Serverless Architecture, BaaS, FaaS
This document analyzes Serverless Architecture and BaaS (Backend as a Service) and FaaS (Function as a Service), which are services based on Serverless Architecture.
1. Serverless Architecture
![[Figure 1] Serverless Architecture](/blog-software/docs/theory-analysis/serverless-architecture-baas-faas/images/serverless-architecture.png)
[Figure 1] Serverless Architecture
Serverless Architecture means an architecture that minimizes server functionality by transferring server functionality to clients. Since servers in Serverless Architecture mostly perform only small functions without side effects, server management, deployment, and Scale Out are easier compared to general servers. Using these characteristics, Cloud Service Providers provide an environment that completely automates server management to help app developers focus only on app logic when developing apps based on Serverless Architecture. BaaS (Backend as a Service) and FaaS (Function as a Service) are representative techniques utilizing Serverless Architecture.

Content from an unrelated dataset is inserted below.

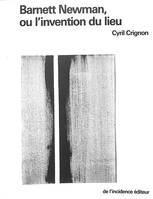 Barnett Newman, ou l'invention du lieu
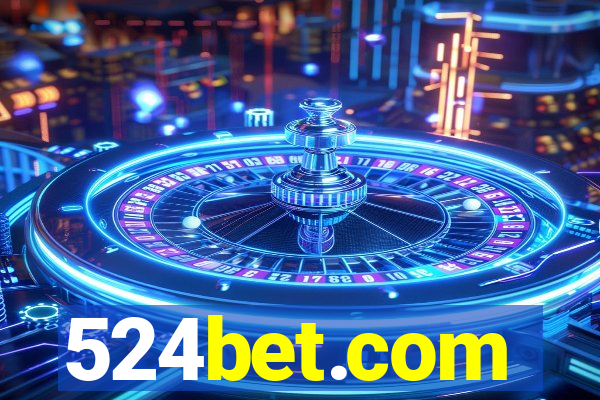 524bet.com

1.1. BaaS (Backend as a Service)
BaaS means a technique that provides Backend functions such as DB, Storage, and authentication as services, as the name suggests. Google’s Firebase is a representative BaaS. Backend Services are automatically managed and recovered by BaaS and automatically Scale In/Out according to usage. Therefore, app developers can focus on app logic development. In [Figure 1], clients can be considered to use BaaS’s DB Service and authentication Service. Since clients directly access BaaS’s DB, Backend Logic that was implemented in servers moves to clients and must be implemented in clients.
Since most BaaS charges fees proportional to DB or Storage usage, BaaS can enable fast and low-cost app development when storing small amounts of data in apps. However, when storing large amounts of data in apps, BaaS usage can be inefficient because high fees must be paid and detailed DB and Storage configuration is impossible.
1.2. FaaS (Function as a Service)
FaaS means a technique that provides Functions as services, as the name suggests. AWS’s Lambda and Google’s Cloud Function are representative FaaS. Developers develop Functions and hand them over to FaaS. Developed Functions are automatically deployed, managed, and recovered on servers by FaaS and automatically Scale In/Out according to usage. Therefore, developers can focus only on Function development and app development without worrying about servers.
Functions are written in the form of Event Handlers that are executed when events are delivered. Events can be client requests that passed through API Gateway, or requests from services or functions that passed through Message Queue. Event and Function Mapping is configured by developers. Since Functions can access DBs using APIs provided by FaaS or send events to Message Queue, some Backend Logic that was implemented in servers can be implemented in Functions. However, since FaaS is a service that provides Functions as the name suggests, overall app logic is included in clients. In [Figure 1], clients can also be considered to use FaaS’s Functions through API Gateway and Message Queue.
Functions are not always running, but rather instances (containers) having those Functions are started each time events occur. Therefore, FaaS’s billing method is proportional to the number of times Functions are called. Due to these characteristics, FaaS incurs lower costs compared to existing Cloud Services that keep instances running continuously. Therefore, FaaS can enable fast and low-cost app development when developing apps that are not frequently used. However, FaaS also has disadvantages.
Since Functions are implemented in Event Handler form, they must be Stateless. Also, since Functions are considered units that perform small functions, the maximum execution time of Functions is limited to be short. Therefore, logic that takes a long time cannot be implemented in Functions. Since Function instances are newly started each time events occur, Start Latency occurs due to Runtime initialization before Function execution. Performance degradation due to Start Latency must be considered as Functions are called more frequently. Since servers and containers running Functions are automatically managed, there is also a disadvantage that detailed server, container, and network configuration is impossible.